Taken from the Pacific Institute for Climate Solutions Website
Published Dec 4, 2014
According to Clean Energy Canada, green energy is putting lie to the belief that it is fossil fuels, and not renewables, that bring prosperity and jobs. According to a new report out Tuesday, direct jobs in the country’s green energy sector in 2013 number 23,700 (including clean energy, clean transport, services and equipment manufacturing) while direct oil sands jobs are just 22,300. $25 billion has been invested in the fast emerging Canadian cleantech sector during the past five years, and its employment numbers have risen 37 per cent. Revenues from oil certainly provide riches, around $3.5 billion to the Alberta treasury alone each year, and the report doesn’t tally indirect jobs, which Alberta claims are well over 100,000 for oil sands. Yet creating direct employment is one of the most impactful things any industry can do to create value, and the green energy sector is clearly doing this.
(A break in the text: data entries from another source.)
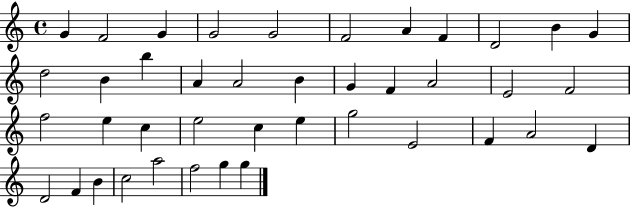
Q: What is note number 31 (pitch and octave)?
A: F4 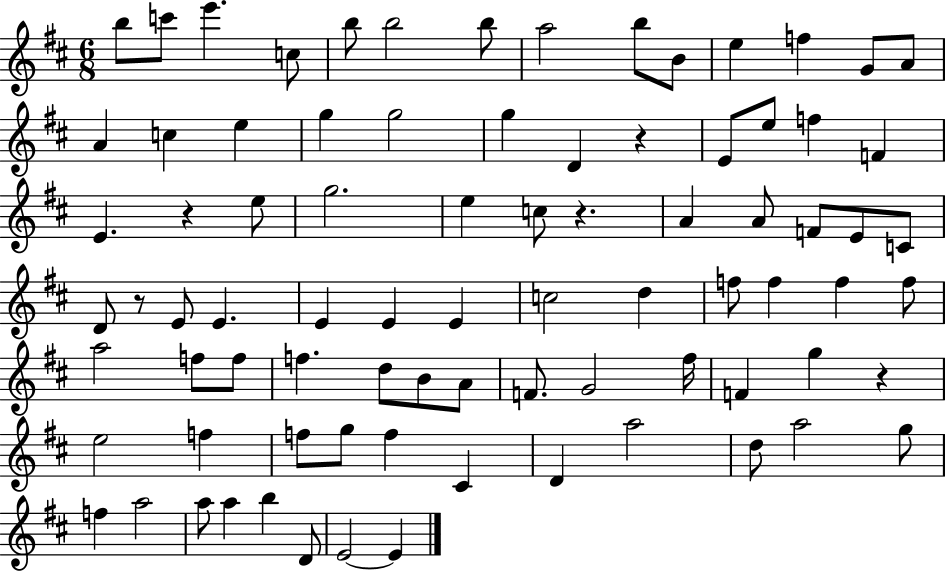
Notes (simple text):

B5/e C6/e E6/q. C5/e B5/e B5/h B5/e A5/h B5/e B4/e E5/q F5/q G4/e A4/e A4/q C5/q E5/q G5/q G5/h G5/q D4/q R/q E4/e E5/e F5/q F4/q E4/q. R/q E5/e G5/h. E5/q C5/e R/q. A4/q A4/e F4/e E4/e C4/e D4/e R/e E4/e E4/q. E4/q E4/q E4/q C5/h D5/q F5/e F5/q F5/q F5/e A5/h F5/e F5/e F5/q. D5/e B4/e A4/e F4/e. G4/h F#5/s F4/q G5/q R/q E5/h F5/q F5/e G5/e F5/q C#4/q D4/q A5/h D5/e A5/h G5/e F5/q A5/h A5/e A5/q B5/q D4/e E4/h E4/q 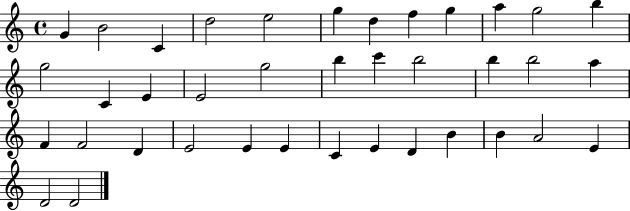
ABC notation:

X:1
T:Untitled
M:4/4
L:1/4
K:C
G B2 C d2 e2 g d f g a g2 b g2 C E E2 g2 b c' b2 b b2 a F F2 D E2 E E C E D B B A2 E D2 D2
So is it possible that the oil sands aren’t the only route to energy riches in Canada? Capital Economics, a London firm, said that the $40-dollar-a-barrel price plummet for oil may cut government revenues from the industry and hurt the companies’ bottom line - but it also translates into something like $1.3 trillion in energy savings for Canadian consumers. This is about 1.7 per cent of Canada’s GDP. One example is fuel costs: a litre of gas in Victoria, BC, has dropped from about $1.30 / L three months ago to around $1.14 / L this week, which means losses for industry and government but fuel savings of about 12 per cent in the pockets of every Victoria driver. But there is one dubious symbol of the decline of the price at the pump: an uptick in SUV sales. That hasn’t affected sales of ‘green’ cars however, at least not yet: electric vehicle sales in Canada are increasing. But there can be no doubt that cheaper gasoline, should it persist, will make such purchases less attractive in coming months. Canada’s cleantech industry includes manufacture of fully electric vehicles like New Flyer’s electric buses that went into service in Winnipeg last week, as well as widely distributed manufacture of smaller vehicles and components. Continuing growth of this sector depends at least in part on the incentive that an accelerating price of liquid fossil-fuels presents; the current decline jeopardizes what has been a welcome switch toward adoption of cleaner transportation technologies.